WORK REQUIRED ▸
Return each line of the listing exactly, though without its images.

DATASET SECTION ▸
=== Begin Enclosure ===
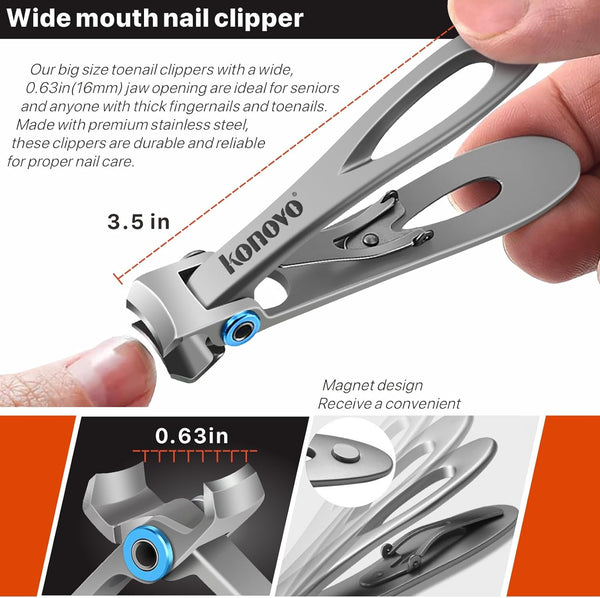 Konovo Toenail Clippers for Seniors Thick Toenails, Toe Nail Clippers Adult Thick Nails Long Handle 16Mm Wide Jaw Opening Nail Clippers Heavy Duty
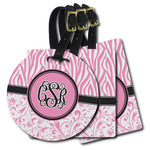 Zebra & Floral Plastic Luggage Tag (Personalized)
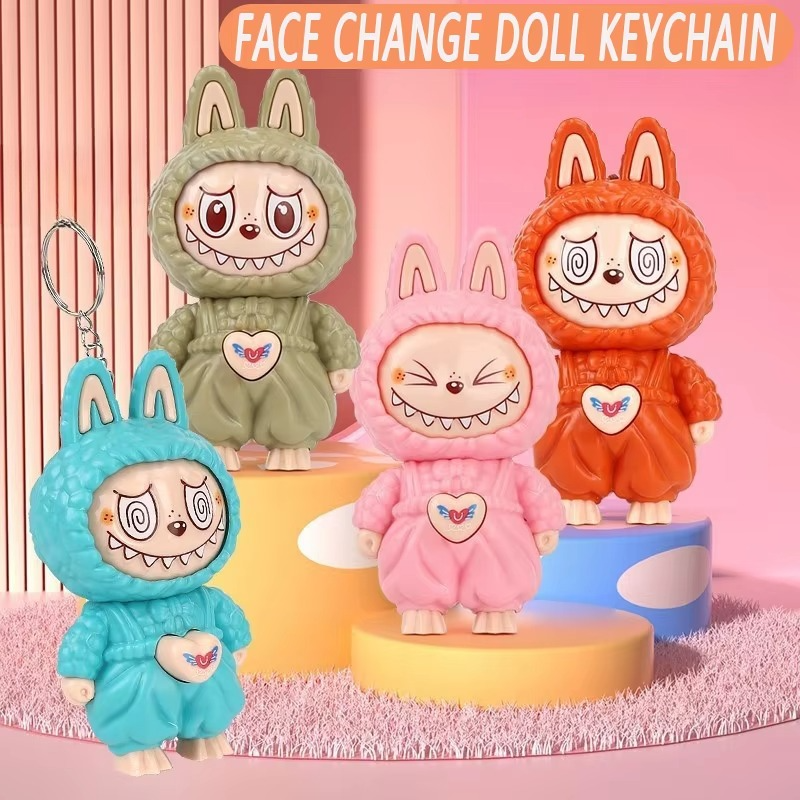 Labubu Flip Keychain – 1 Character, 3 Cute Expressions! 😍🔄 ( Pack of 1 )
=== End Enclosure ===
ANSWER TO THIS PROBLEM ▸
 Konovo Toenail Clippers for Seniors Thick Toenails, Toe Nail Clippers Adult Thick Nails Long Handle 16Mm Wide Jaw Opening Nail Clippers Heavy Duty
 Zebra & Floral Plastic Luggage Tag (Personalized)
 Labubu Flip Keychain – 1 Character, 3 Cute Expressions! 😍🔄 ( Pack of 1 )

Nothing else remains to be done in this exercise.